Наличие четкой, хорошо разработанной методологии является одним из условий позитивного развития той или иной области знания. Критика некоторых новых научных дисциплин часто основана именно на отсутствии у последних собственной методологии. На первый взгляд современные философские исследования являют собой образец разнообразия методологических подходов, плюрализм методик и способов познания выбранного предмета: достаточно посмотреть несколько авторефератов последних лет на соискание степени доктора или кандидата наук. Однако с уверенностью можно сказать, что две крайние позиции в методологической рефлексии современного философского анализа принадлежат, с одной стороны, формальной логике, с другой – постмодернистской ризоме. К сожалению, использование плодотворной, дающей исключительно положительные результаты, к тому же проверенной временем диалектической методологии редко находит отклик у современных, особенно молодых, исследователей. Оптимистично убеждены, что это лишь следствие внезапно обрушившейся методоло-гической свободы, пресыщенность которой становится все более очевидной.

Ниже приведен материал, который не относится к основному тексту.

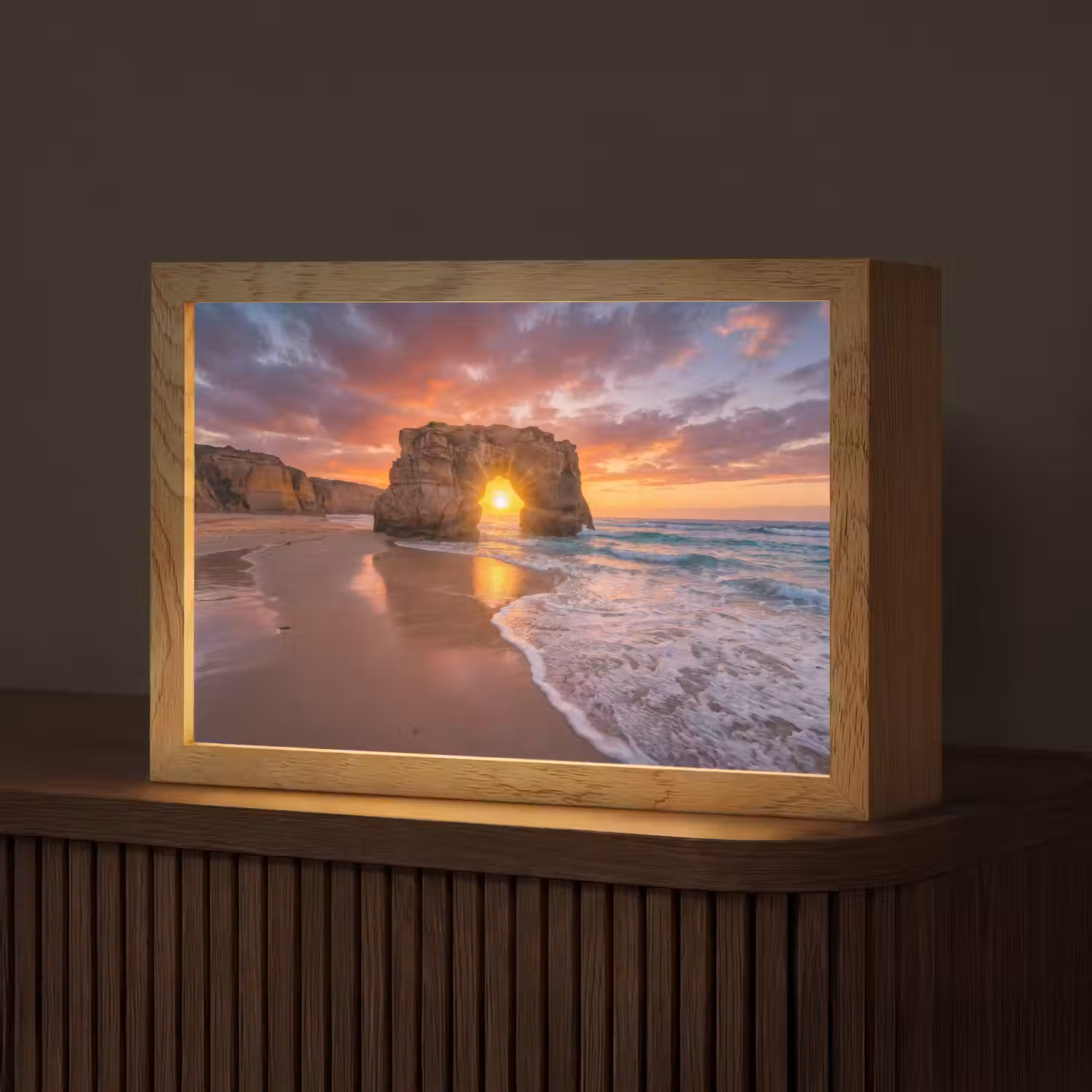 Kust - Rots - Zonsondergang - Zee - Natuur Light Box met kabel (Tafellamp) klein -z3d_website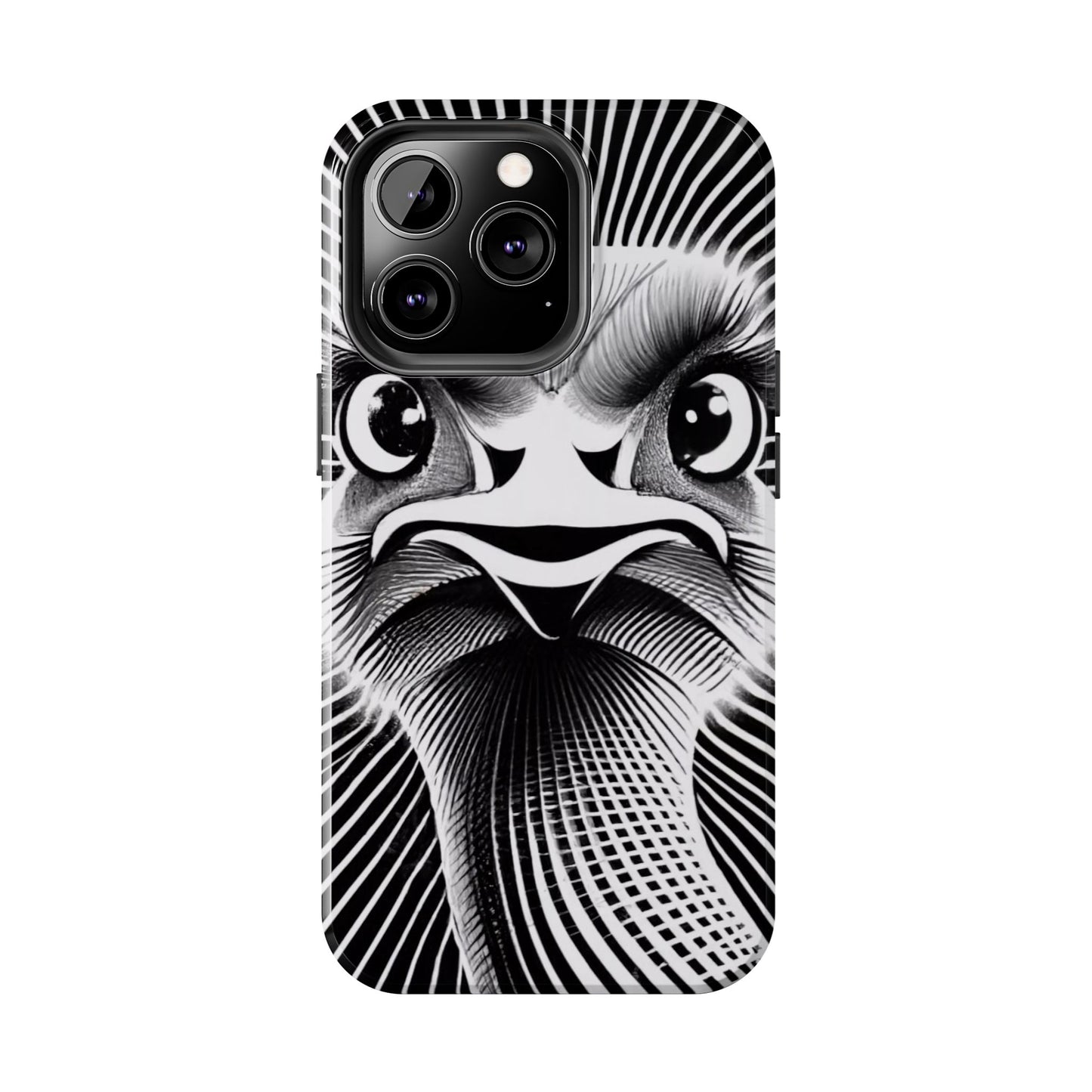 Mystical Stare Monochrome Ostrich Tough Phone Case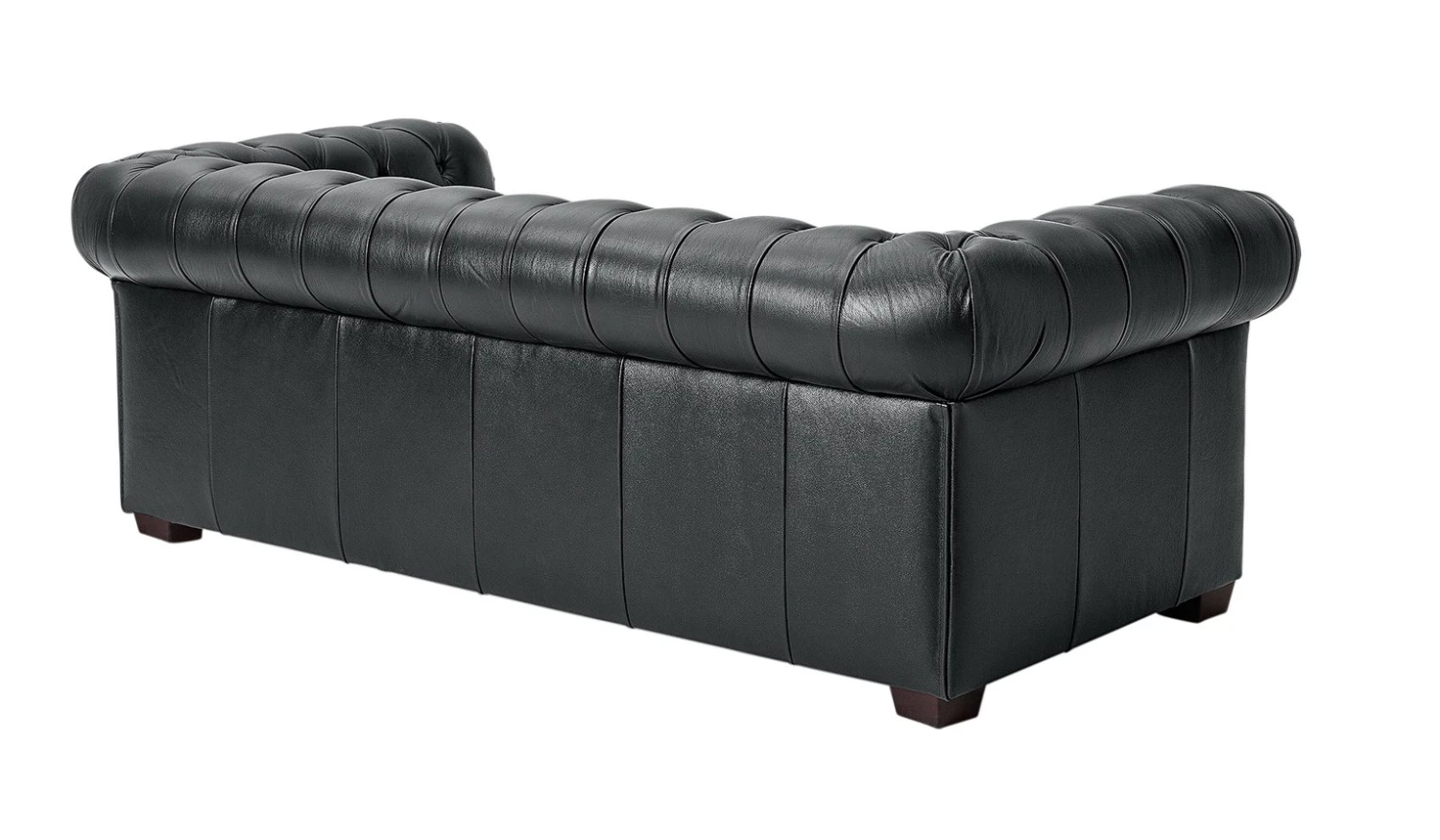Habitat Chesterfield Leather 3 Seater Sofa - Black 8 Habitat Chesterfield Leather 3 Seater Sofa - Black - Image 6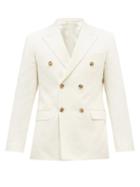 Mens Rtw Nanushka - Gael Double-breasted Slubbed-cotton Suit Jacket - Mens - Cream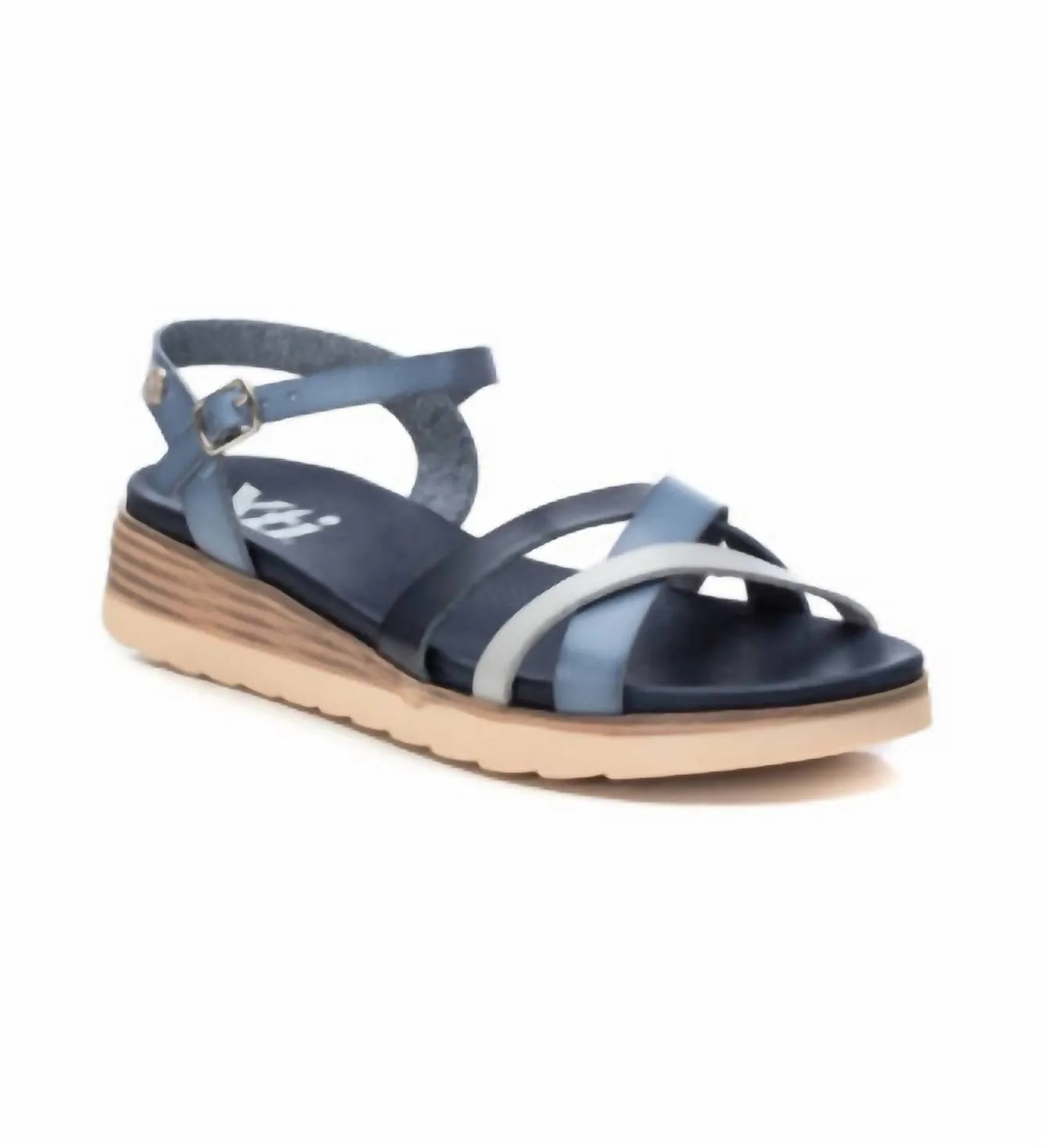 Women's Low Wedge Sandals In Navy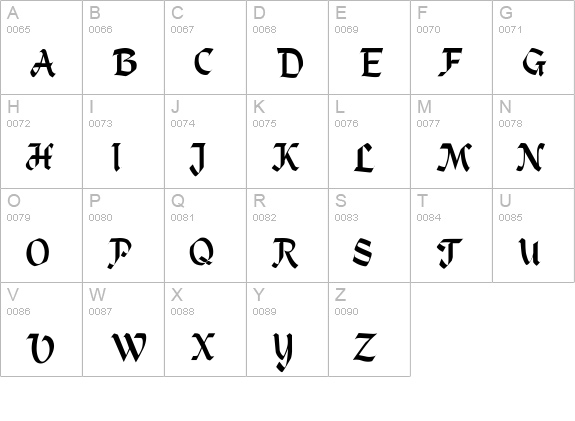 RSHeidleberg uppercase A-Z preview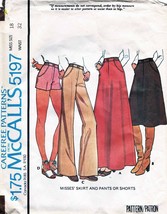 Misses' Skirt, Pants & Shorts Vintage 1976 Mc Call's Pattern 5197 Size 18 - $12.00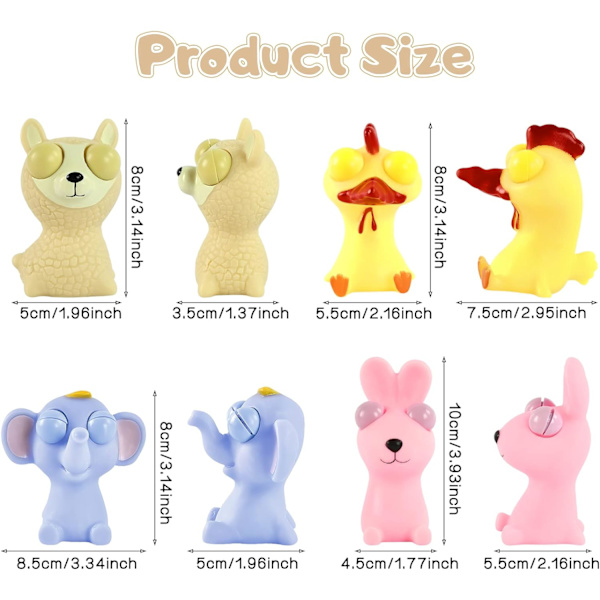 Anti-stressleksak 4 delar Pop ping Out EyesToys Squishy Squeeze To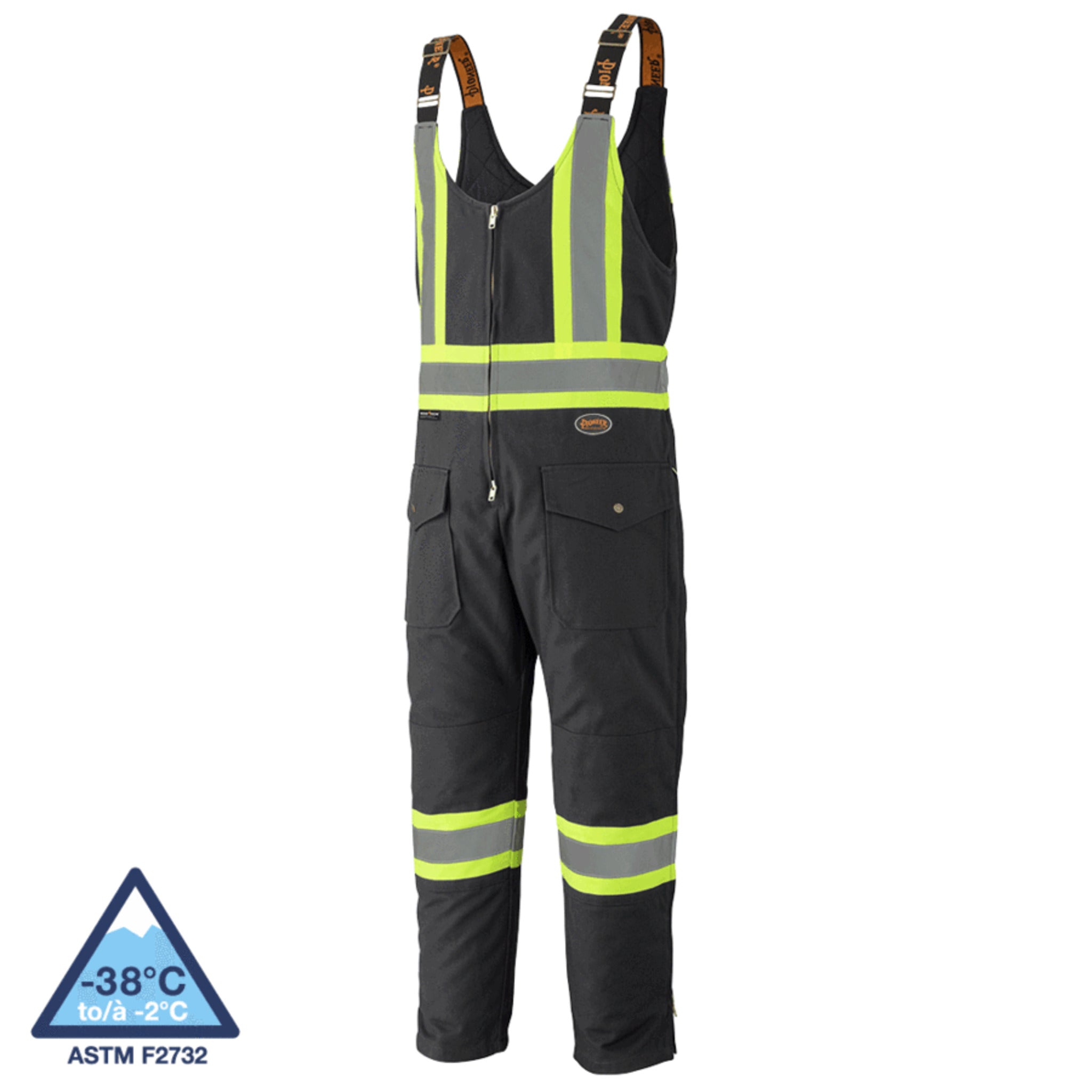 Pioneer black hi vis insulated bib overalls reflective CSA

Разработанная в рамках классического марксизма, диалектическая методология иногда намеренно игнорируется исследователями, иногда упускается вследствие элементарного незнания, что ведет или к «изобретению велосипеда», или к парадоксальным ризомальным выводам. В первом случае начинают кивать на «гениальный Запад», как в случае с идеей И. Лакатоса о том, что «философия науки без истории пуста, история науки без философии науки слепа». Как верно отметил С. Н. Мареев, «что по существу означает единство логического и исторического, о чем никто из наших “философов науки”... даже не заикнулся»[1]. Выводы же, полученные в результате ризомальных построений, заставляют приверженцев классической традиции в лучшем случае пожимать плечами, в худшем – вступать в открытый конфликт с их создателями.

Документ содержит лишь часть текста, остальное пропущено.